PODER JUDICIÁRIO DO ESTADO DO PIAUÍ
TRIBUNAL DE JUSTIÇA DO ESTADO DO PIAUÍ

4ª Câmara Especializada Cível

AGRAVO INTERNO CÍVEL (1208) Nº 0802605-29.2023.8.18.0089
AGRAVANTE: BCV - BANCO DE CREDITO E VAREJO S/A.
Advogado(s) do reclamante: ANTONIO DE MORAES DOURADO NETO
AGRAVADO: SUFIA CORREIA MAIA
Advogado(s) do reclamado: PEDRO RIBEIRO MENDES
RELATOR(A): Desembargador LIRTON NOGUEIRA SANTOS

 

 

EMENTA

 

Ementa: DIREITO DO CONSUMIDOR. AGRAVO INTERNO. CONTRATO BANCÁRIO CELEBRADO COM PESSOA NÃO ALFABETIZADA. AUSÊNCIA DE FORMALIDADES LEGAIS. COBRANÇA INDEVIDA. RESTITUIÇÃO EM DOBRO. DANO MORAL CONFIGURADO. RECURSO DESPROVIDO.

I. CASO EM EXAME

  1. Agravo Interno interposto por instituição financeira contra decisão monocrática que reconheceu a nulidade de contrato bancário supostamente firmado com pessoa não alfabetizada, determinou a restituição em dobro dos valores indevidamente descontados do benefício previdenciário da parte autora e fixou indenização por danos morais no valor de R$ 2.000,00.

II. QUESTÃO EM DISCUSSÃO

  1. Há três questões em discussão: (i) definir se a ausência das formalidades previstas no art. 595 do Código Civil invalida o contrato celebrado com pessoa não alfabetizada; (ii) estabelecer se é devida a restituição em dobro dos valores descontados indevidamente de benefício previdenciário; (iii) determinar se houve dano moral indenizável em decorrência da conduta da instituição financeira.

III. RAZÕES DE DECIDIR

  1. A ausência de assinatura a rogo e da subscrição por duas testemunhas no contrato bancário celebrado com pessoa não alfabetizada configura descumprimento do art. 595 do Código Civil, sendo causa de nulidade do negócio jurídico, conforme entendimento consolidado na Súmula 37 e Súmula 30 do TJPI.

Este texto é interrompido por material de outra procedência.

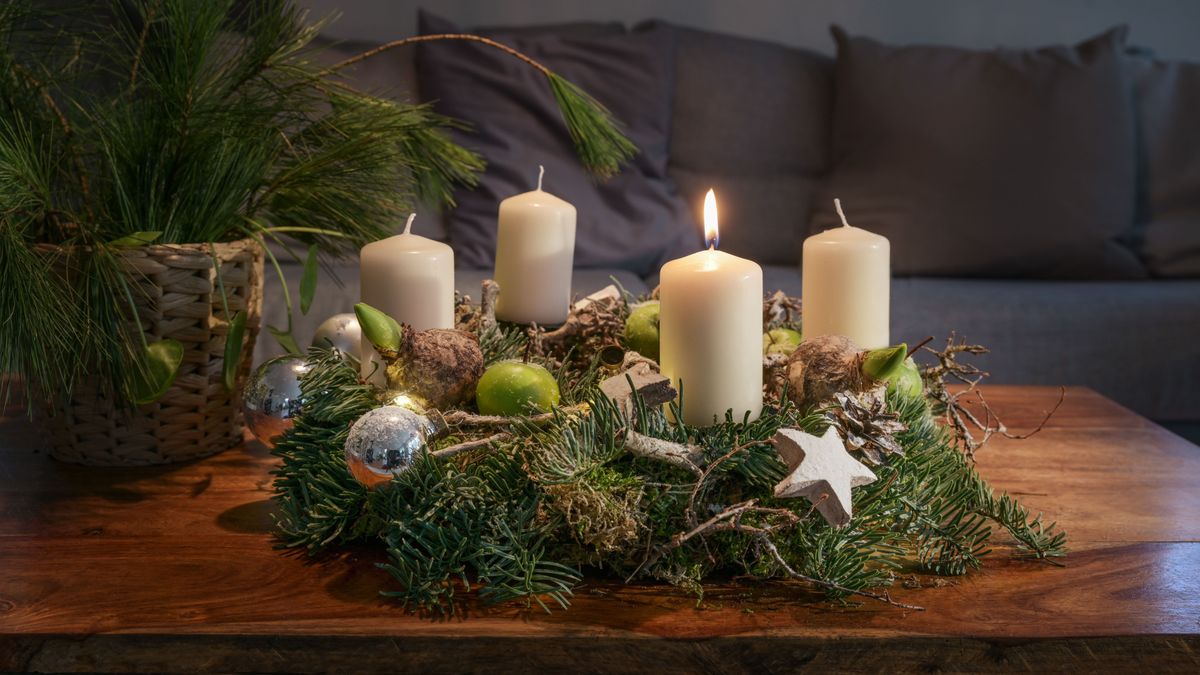 First,Advent,,Wreath,With,One,Burning,White,Candle,And,Christmas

  2. A ausência de comprovação de contratação válida afasta a existência de obrigação legal ou contratual da parte consumidora, de modo que a realização de descontos em seu benefício previdenciário representa prática indevida vedada pelo art. 42 do CDC, autorizando a restituição em dobro dos valores cobrados.

  3. A jurisprudência do STJ dispensa a comprovação de má-fé para fins de repetição do indébito, bastando a infração à boa-fé objetiva, conforme precedente do EAREsp 676.608/RS.

  4. O desconto indevido em benefício previdenciário de natureza alimentar, sem autorização válida, causa dano moral presumido, sobretudo em se tratando de pessoa idosa e em condição de vulnerabilidade econômica, gerando obrigação de indenizar.

  5. A fixação do valor da indenização por dano moral deve observar os princípios da razoabilidade e da proporcionalidade, não podendo configurar enriquecimento sem causa. No caso, o montante de R$ 2.000,00 atende às finalidades compensatória, punitiva e pedagógica.

  6. Os juros moratórios incidentes sobre os danos materiais e morais fluem a partir do evento danoso (art. 398 do CC e Súmula 54 do STJ). A correção monetária incide, respectivamente, da data de cada desconto (Súmula 43 do STJ) e da data do arbitramento (Súmula 362 do STJ).

  7. Quanto aos índices aplicáveis, devem ser observadas a Tabela do TJPI até 30.06.2024 e, a partir de 01.07.2024, as disposições da Lei nº 14.905/2024, especialmente quanto à aplicação do IPCA para correção monetária e da Taxa Selic (deduzido o IPCA) para juros moratórios, com ressalva do § 3º do art. 406 do CC.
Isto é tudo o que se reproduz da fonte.